Core Responsibilities
Distributed Training (Foundation-Scale)
- Build and operate multi-node, multi-GPU distributed training systems (16128+ GPUs).
- Implement and tune:
- PyTorch Distributed (DDP, FSDP, TorchElastic)
- DeepSpeed (ZeRO-2 / ZeRO-3, CPU/NVMe offload)
- Hybrid parallelism (data, tensor, pipeline)
- Create reusable distributed training frameworks and templates for large models.
- Handle checkpoint sharding, failure recovery, and elastic scaling.
GPU Optimization (Google Cloud Only)
- Optimize GPU utilization and cost on Google Cloud GPUs:
- A100, H100, L4
- Achieve high utilization through:
- Mixed precision (FP16 / BF16)
- Gradient checkpointing
- Memory optimization and recomputation
- Tune NCCL communication (All-Reduce, All-Gather) for multi-node GCP clusters.

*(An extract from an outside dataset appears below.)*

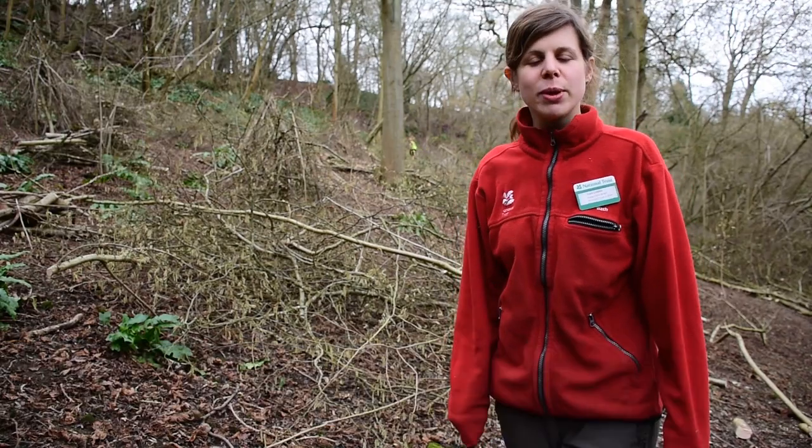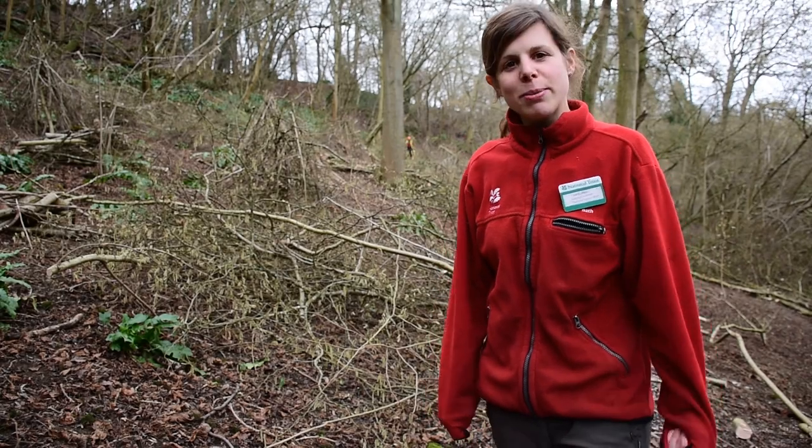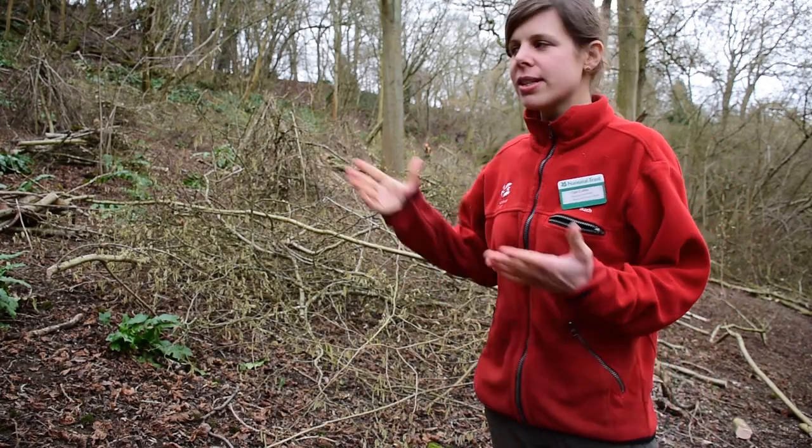Hi everyone, welcome to Smolcombe Wood, one of the vast only ancient woodlands. So today we're doing coppicing. Coppicing is when you cut a tree down to the ground — in this case it's hazel — and you allow it to regrow.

- Reduce GPU idle time and cost per training run.
Google Cloud Execution
- Run and optimize training jobs using:
- Vertex AI custom training
- GKE with GPU node pools
- Compute Engine GPU VMs
- Optimize GPU scheduling, scaling, and placement.
- Use preemptible GPUs safely for large training jobs.
Performance Profiling
- Profile and debug GPU workloads using:
- NVIDIA Nsight Systems / Compute
- DCGM
- Identify compute, memory, and communication bottlenecks.
- Produce performance benchmarks and optimization reports.
Required Experience (Recruiter Screening Criteria)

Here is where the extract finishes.